*** Extracted entries ***

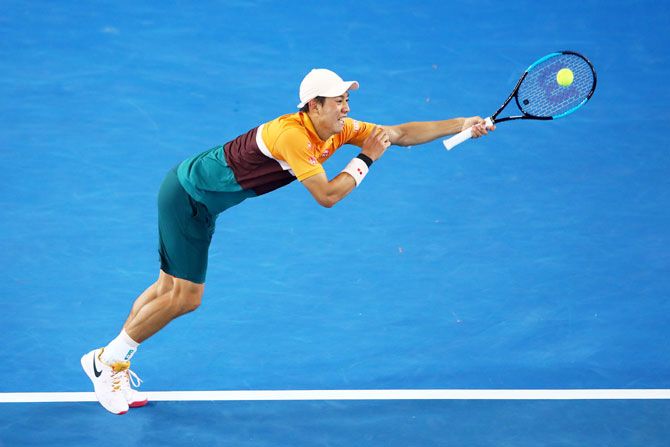 Japan's Kei Nishikori plays a backhand in his fourth round match against Spain's Pablo Carreno Busta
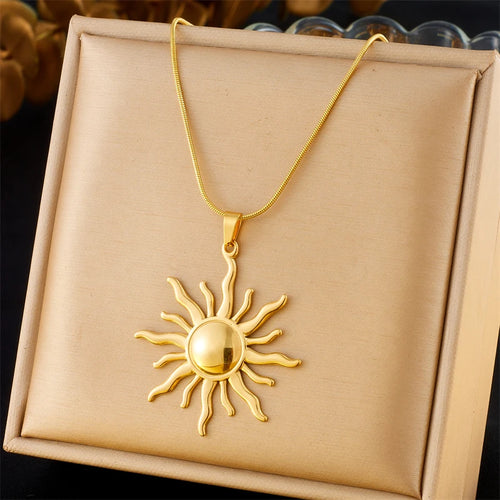 Détail d'un collier pendentif soleil rayonnant en acier inoxydable doré, présenté sur un écrin beige, Maison Mercier.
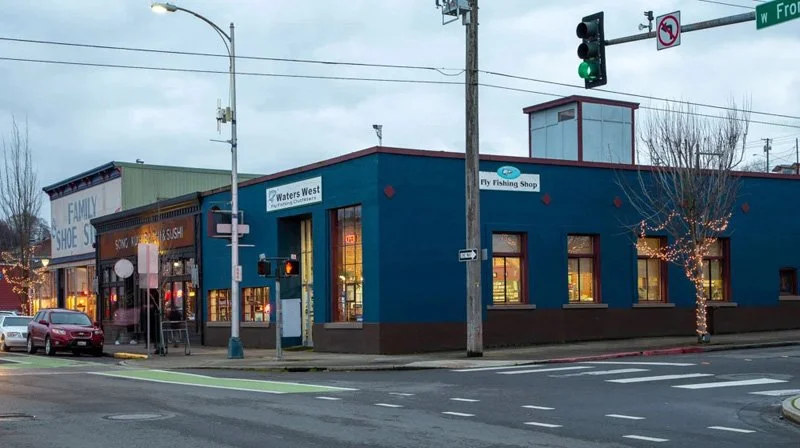 Street corner with blue building houses Waters West and Fly Fishing Shop, trees with string lights, cars parked, traffic lights, and street signs, in an urban area.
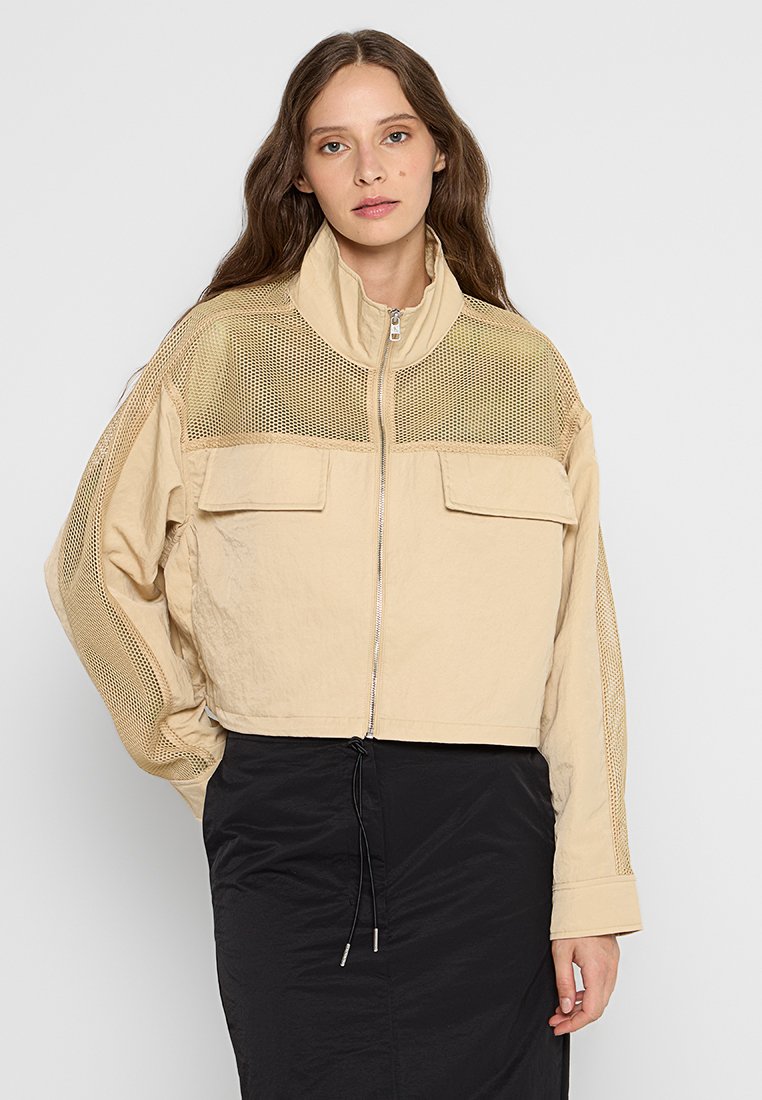 Calvin Klein Jeans Lichte jas zandkleur Calvin Klein Jeans Lichte jas zandkleur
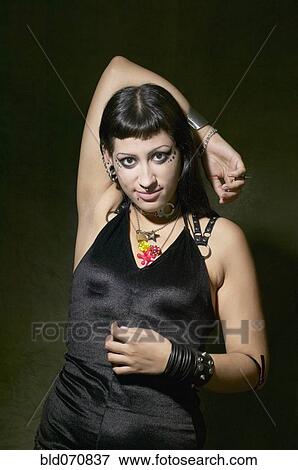 Hispanic Goth woman with arm behind head View Large Photo Image Stock Photo - Hispanic Goth woman with arm behind head. Fotosearch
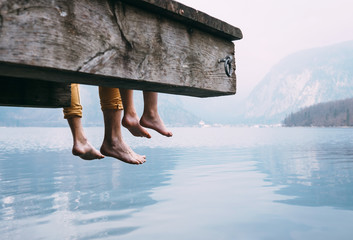 Father and son swung their legs from the wooden pier on mountain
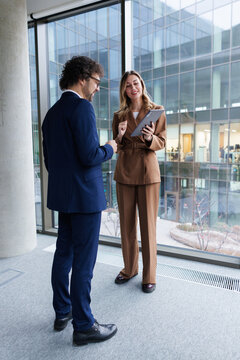 Business partners in suits brainstorming ideas for venture at office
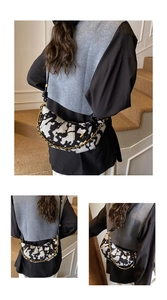 Detail of half-moon shoulder bag featuring black and white jacquard fabric and gold chain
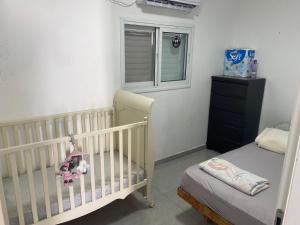 a baby room with a crib and a window at פנטהאוז in Petaẖ Tiqwa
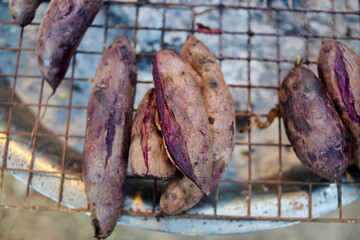 Grill sweet potato on barbecue grill at street market

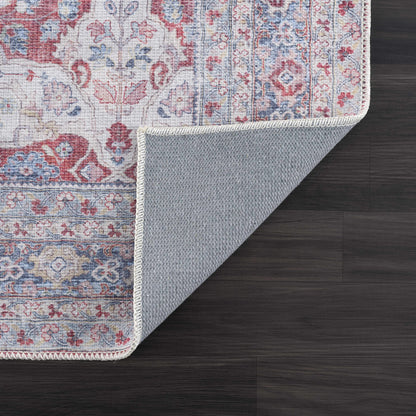 Rust Goma Vintage Area Rug red blue antique floral design Boutique Rugs on dark wood floor on Tampa Home & Garden Store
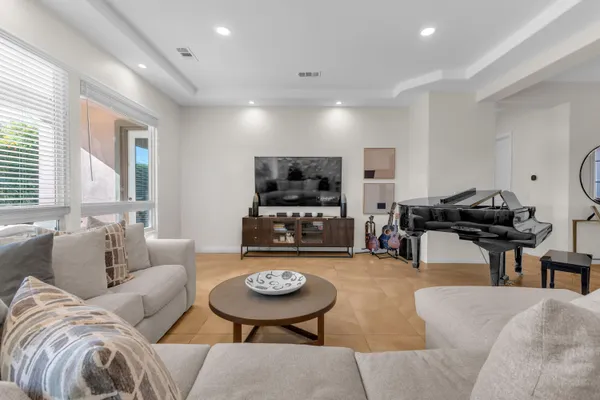 a view of a dining room with furniture and window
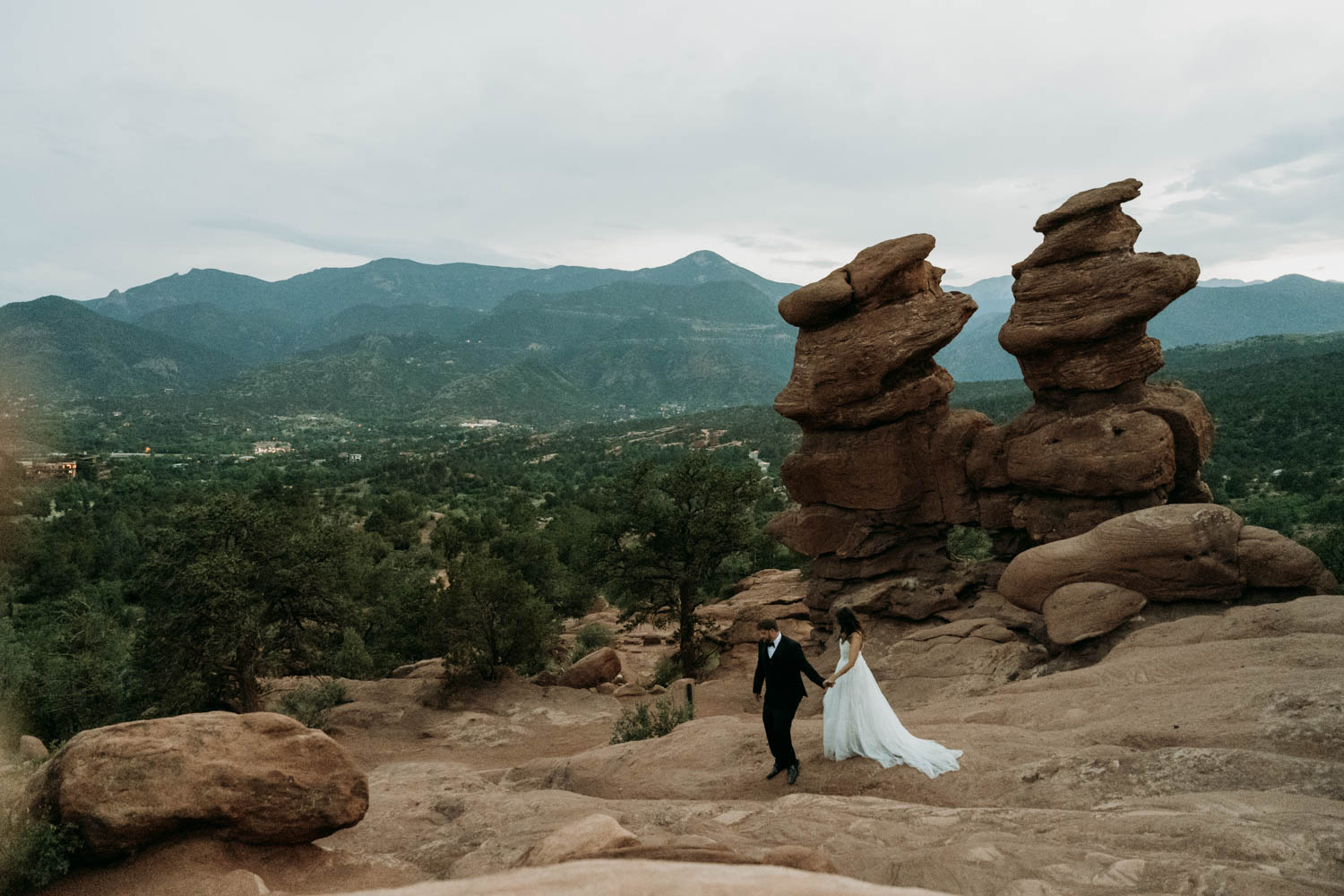 A couple walks hand in hand in front of Siamese Twins at Garden of the Gods during their micro wedding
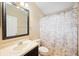 This bathroom features a vanity with sink, toilet, and shower with decorative shower curtain at 6914 Monarch Park Dr, Apollo Beach, FL 33572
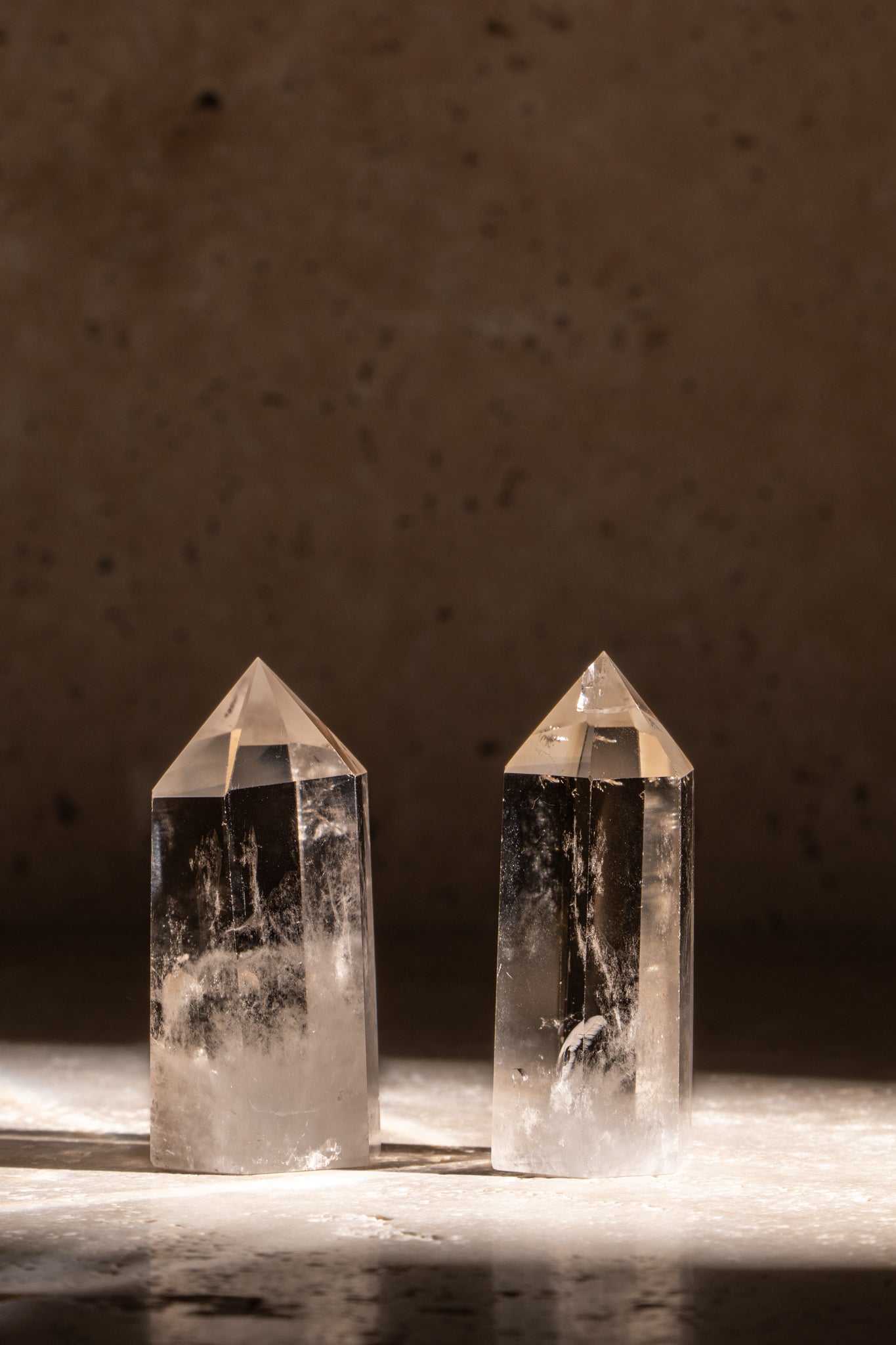 A set of two polished AAA quality Clear Quartz towers, featuring faceted tips and natural inclusions, radiating clarity and light.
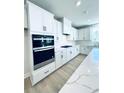 Modern kitchen boasts white cabinetry, stainless steel appliances, and a large island with countertop at 718 Crossroad Ct, Powder Springs, GA 30127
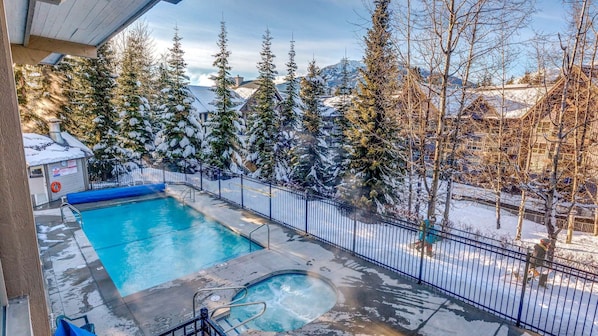 Piscina com hidromassagem, cercada por uma grade de metal, com paisagem nevada ao fundo, incluindo árvores e montanhas.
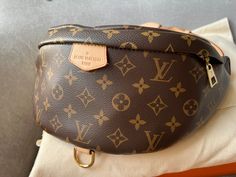 Overview Louis Vuitton Bum Bag in Canvas Monogram with gold hardware. Fashioned in classic Monogram canvas and signed with a “Louis Vuitton Paris” leather patch, this uber-functional bumbag transforms sportwear into the very definition of casual chic. Wear it as a belt bag, cross-body or over the shoulder for a jauntier look. This highly sought after style is no Longer available at LV and sells at premium usually. Features Monogram coated canvas Gold hardware Smooth cowhide leather trim Cotton c Bum Bag Louis Vuitton, Louis Vuitton Teddy Bumbag, Louis Vuitton Empreinte Bumbag, Louis Vuitton Bumbag, Louis Vuitton Bum Bag, Lv Bumbag, Monogram Neverfull, Vintage Louis Vuitton, Vuitton Bag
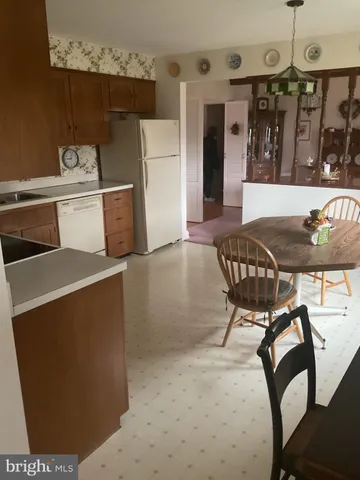 a dinning room with furniture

*** End of Extracted entries ***

Exercise prompt
The lines from the beginning of the listing above through the line holding "Piscina com hidromassagem, cercada" are to be duplicated exactly, and the pictures omitted.

Task solution
 Japan's Kei Nishikori plays a backhand in his fourth round match against Spain's Pablo Carreno Busta
 Détail d'un collier pendentif soleil rayonnant en acier inoxydable doré, présenté sur un écrin beige, Maison Mercier.
 Street corner with blue building houses Waters West and Fly Fishing Shop, trees with string lights, cars parked, traffic lights, and street signs, in an urban area.
 Calvin Klein Jeans Lichte jas zandkleur Calvin Klein Jeans Lichte jas zandkleur
 Hispanic Goth woman with arm behind head View Large Photo Image Stock Photo - Hispanic Goth woman with arm behind head. Fotosearch
 Father and son swung their legs from the wooden pier on mountain
 Business partners in suits brainstorming ideas for venture at office
 Detail of half-moon shoulder bag featuring black and white jacquard fabric and gold chain
 a baby room with a crib and a window at פנטהאוז in Petaẖ Tiqwa
 Grill sweet potato on barbecue grill at street market

 Rust Goma Vintage Area Rug red blue antique floral design Boutique Rugs on dark wood floor on Tampa Home & Garden Store
 a view of a dining room with furniture and window
 A couple walks hand in hand in front of Siamese Twins at Garden of the Gods during their micro wedding
 This bathroom features a vanity with sink, toilet, and shower with decorative shower curtain at 6914 Monarch Park Dr, Apollo Beach, FL 33572
 A set of two polished AAA quality Clear Quartz towers, featuring faceted tips and natural inclusions, radiating clarity and light.
 Modern kitchen boasts white cabinetry, stainless steel appliances, and a large island with countertop at 718 Crossroad Ct, Powder Springs, GA 30127
 Piscina com hidromassagem, cercada por uma grade de metal, com paisagem nevada ao fundo, incluindo árvores e montanhas.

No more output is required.